The data section start

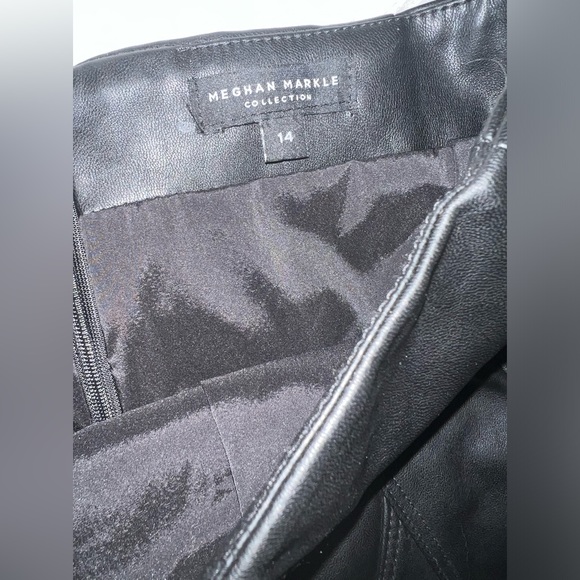 Meghan Markle Reitman’s Vegan Leather Skirt Sz 14 - Picture 5 of 6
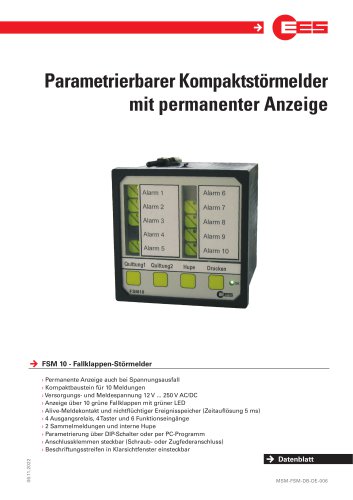 Fallklappen-Störmelder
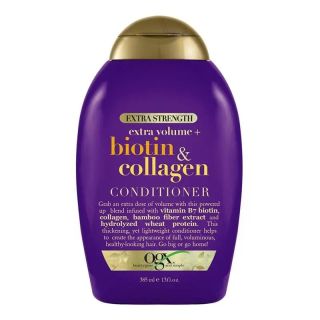 Ogx Extra Strength Extra Volume + Biotin & Collagen Conditioner For Fine Hair 385mL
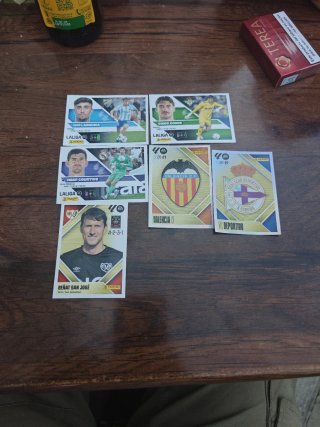 Lote de 5 Cromos Panini Liga 26-27
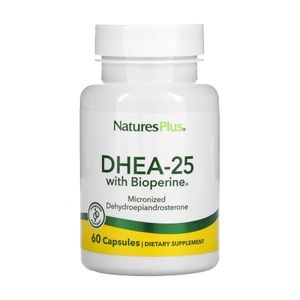 Дегидроэпиандростерон с биоперином NaturesPlus DHEA-25 With Bioperine, 60 капсул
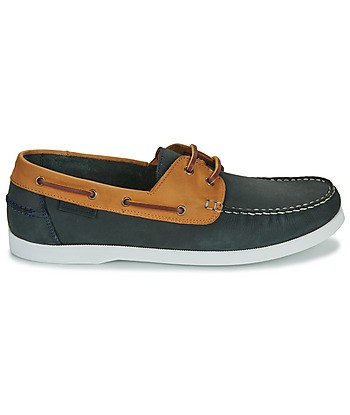 Chaussures bateau hommes Carlington BORSI Bleu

The data section end

The data above needs to be retyped exactly, with the images left out.

■ Finished task
 Meghan Markle Reitman’s Vegan Leather Skirt Sz 14 - Picture 5 of 6
 Fallklappen-Störmelder
 Ogx Extra Strength Extra Volume + Biotin & Collagen Conditioner For Fine Hair 385mL
 Lote de 5 Cromos Panini Liga 26-27
 Дегидроэпиандростерон с биоперином NaturesPlus DHEA-25 With Bioperine, 60 капсул
 Chaussures bateau hommes Carlington BORSI Bleu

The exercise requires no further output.